*** Opening Data supplied ***

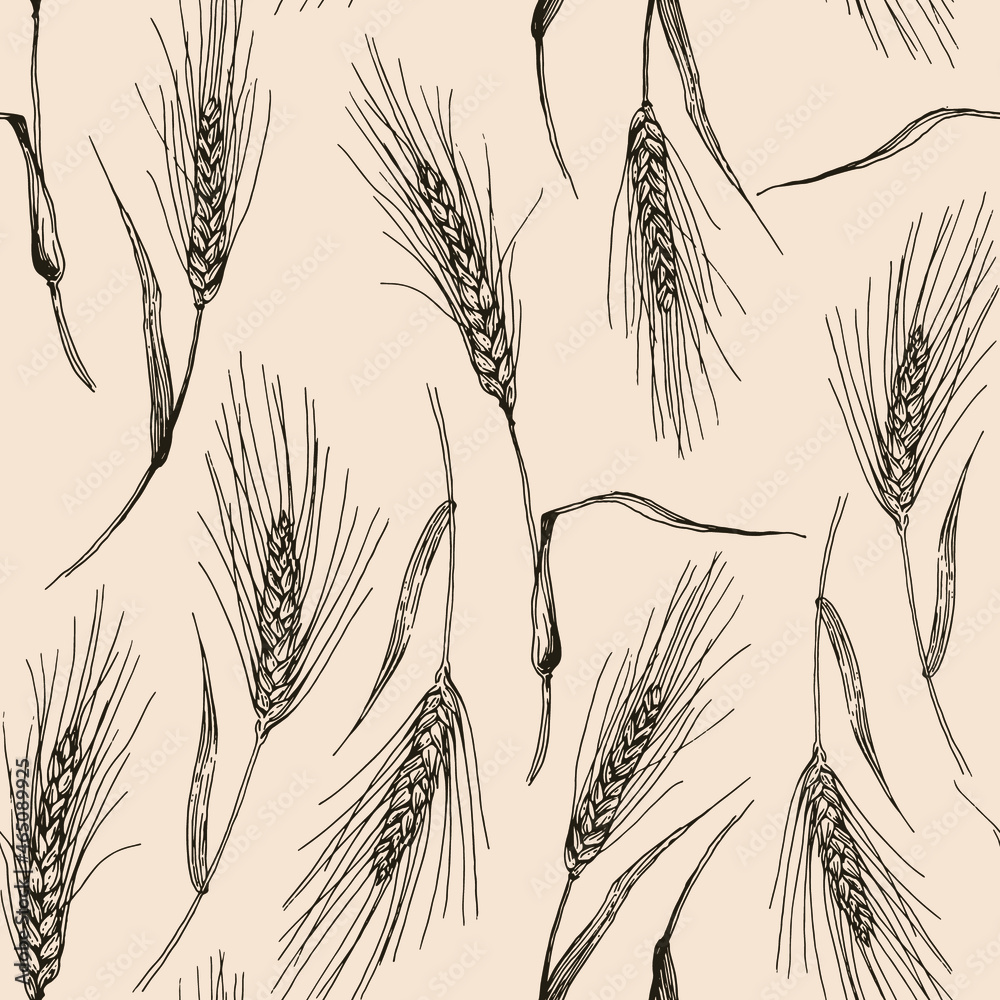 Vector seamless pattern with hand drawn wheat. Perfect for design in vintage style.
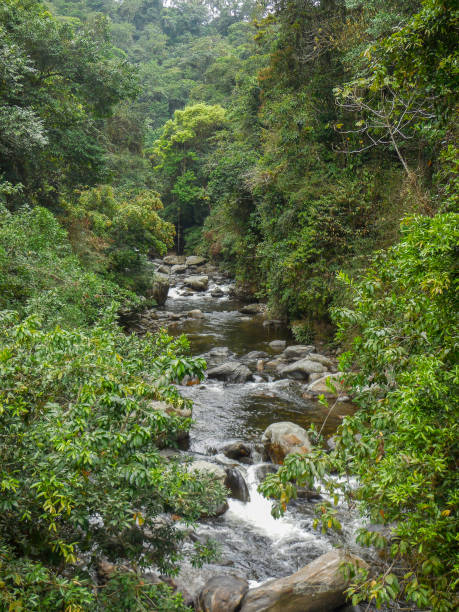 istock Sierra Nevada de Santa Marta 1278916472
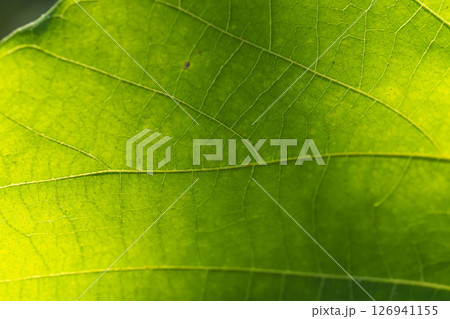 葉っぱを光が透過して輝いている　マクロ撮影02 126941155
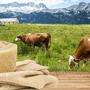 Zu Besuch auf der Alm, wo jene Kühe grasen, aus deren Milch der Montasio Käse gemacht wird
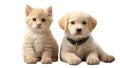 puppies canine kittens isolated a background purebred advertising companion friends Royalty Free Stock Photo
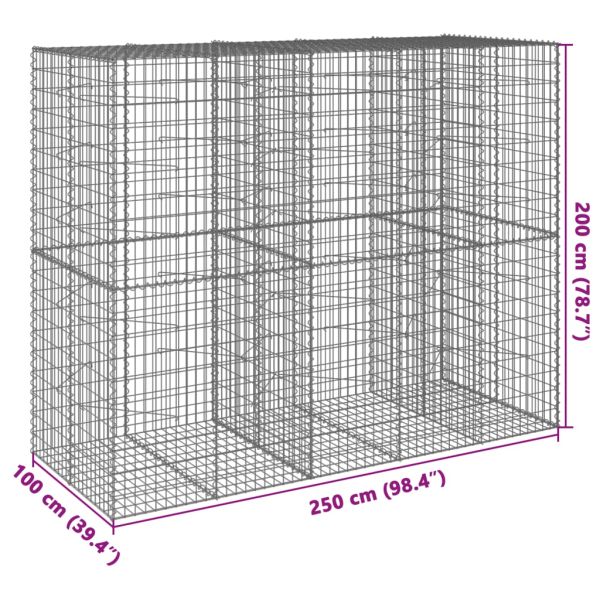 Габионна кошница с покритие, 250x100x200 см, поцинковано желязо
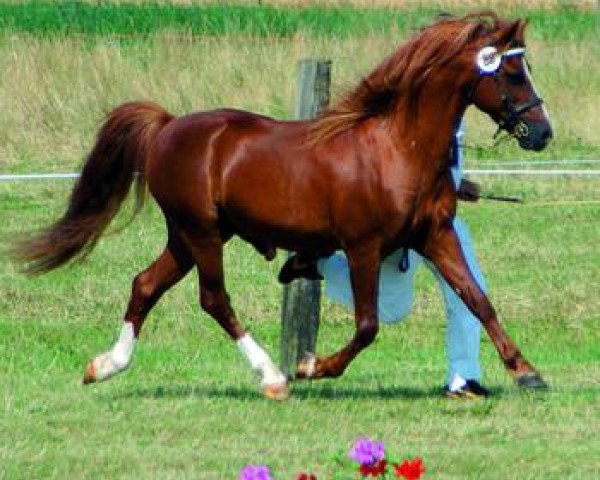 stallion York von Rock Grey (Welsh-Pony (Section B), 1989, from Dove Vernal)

*** Closing Data supplied ***
*** Opening Data supplied ***

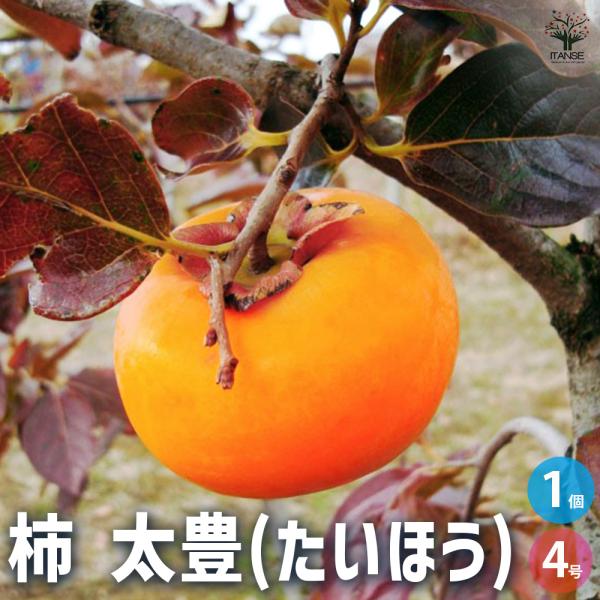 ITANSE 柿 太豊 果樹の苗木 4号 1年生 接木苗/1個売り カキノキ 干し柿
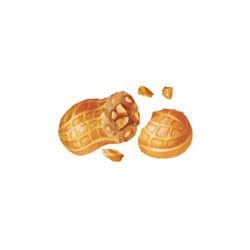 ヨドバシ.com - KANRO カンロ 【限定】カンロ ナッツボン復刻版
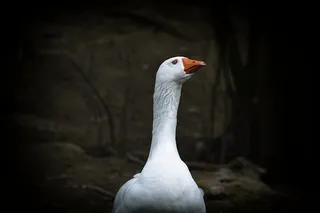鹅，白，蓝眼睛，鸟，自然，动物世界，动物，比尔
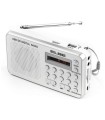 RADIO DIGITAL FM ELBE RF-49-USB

*** Closing Data supplied ***

Work from the entries above. Set down exactly and only the lines from the line with "ヨドバシ.com - KANRO カンロ 【限定】カンロ ナッツボン復刻版" to the line with "RADIO DIGITAL FM ELBE RF-49-USB", both included, and leave the pictures out.

**Answer to this problem**
 ヨドバシ.com - KANRO カンロ 【限定】カンロ ナッツボン復刻版
鹅，白，蓝眼睛，鸟，自然，动物世界，动物，比尔
 RADIO DIGITAL FM ELBE RF-49-USB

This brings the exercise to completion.